Photo Courtesy of Thrifty and Chic

Every year, when it starts to get cold, and I can feel a slight breeze coming from closed windows or from under the doors, I take a trip to the hardware store to get ready to seal up the house by shrink-wrapping the windows. And every year, my wife looks at me as if I just transported us back to a Depression-era shack in the middle of the woods. You’d think I was wrapping the house in a tarp.

For the rest of the winter, every time we draw the drapes or open a curtain I’m subjected to my wife and our two kids singing a horrible rendition of Elvis’ “In the Ghetto,” while they laugh hysterically at my expense.

Hopefully, the singing keeps them warm and happy. I know the money I save keeps me warm and happy. And thanks to modern technology that has brought us improvements in plastic and adhesives, shrink wrapping your windows is not only easy and can save you a ton of money, but it's also not as ugly as my family would lead you to believe.

Drafty windows can make up nearly 30 percent of your heating bill. Compared to caulk and draft stoppers, window shrink wrap is an easy and affordable way to keep the heat in and the cold out. The air barrier that it creates also acts as a great insulator. This solution is particularly good for older homes with older windows but works well on any windows that aren’t perfectly sealed.

You can pick up window insulator kits at almost any hardware store. They come with double-sided adhesive to stick the plastic securely to the window sill and some individual plastic sheets to cover several windows. All you need is a box cutter and a blow dryer and less than 10 minutes per window.

I’ve written out some instructions below and found a nifty video on YouTube that shows how easy it is.

1. Clean the windows. I generally use paper towels and some warm water to remove as much dust and grime and make sure the sticky strips stay stuck. Don’t go crazy and leave the heavy cleaning for the spring, when you’re supposed to do it.

2. Apply the double-sided adhesive to the edges of the window. If you’re planning on using the blinds, make sure the adhesive is strategically placed. I’ve sealed in some blinds in my day.

3. Remove the paper cover from the adhesive. This is the worst part of the job, but there’s a trick. Once you’ve stuck the adhesive to the window, use the box cutter to slice a light cut in the paper that’s not stuck to the window (facing you) and peel from there. Trying to grab the paper from an edge is super frustrating.

4. Apply the plastic sheets to the adhesive. Start at the top and work your way down the sides. Pull the plastic as tightly as you can without forcing it as you press it to the adhesive along the sides of the window.
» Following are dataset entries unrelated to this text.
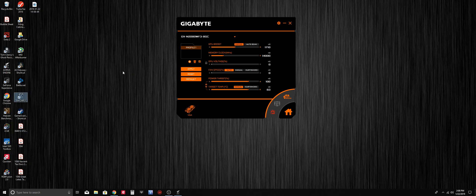I want to make a quick tutorial on how to use Gigabyte's AORUS engine to overclock your graphics card.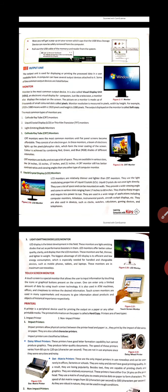Touch screen monitors are used in many supermarkets and museums to give information about products and objects of historical importance respectively. The monitor is used in output devices to display images, videos, and whatever visual output is available — all of this is called soft copy.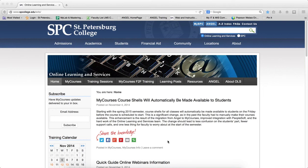If you need to cancel your session of the Quick Guide webinars, it's best to go ahead and do that if you can't make the session, so it frees up the space for somebody else.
5. Get your hair dryer. This is the fun part. Blow hot air towards the plastic, keeping the hair dryer about two inches away from the plastic. You want to shrink it, not melt it. You’ll see it start to tighten. You should be able to see right through it like glass eventually.

6. Trim the extra bits of plastic from the edges with the box cutter or utility knife. Don’t worry about being perfect. Cut as close to the adhesive as you can. If you’re going to make a mistake, make it away from the adhesive. You can always clean it up later.

That’s it. Sealed and draft-free. I can now walk around barefoot without freezing my toes off and enjoy the tiny voices of warm and happy children singing Elvis songs.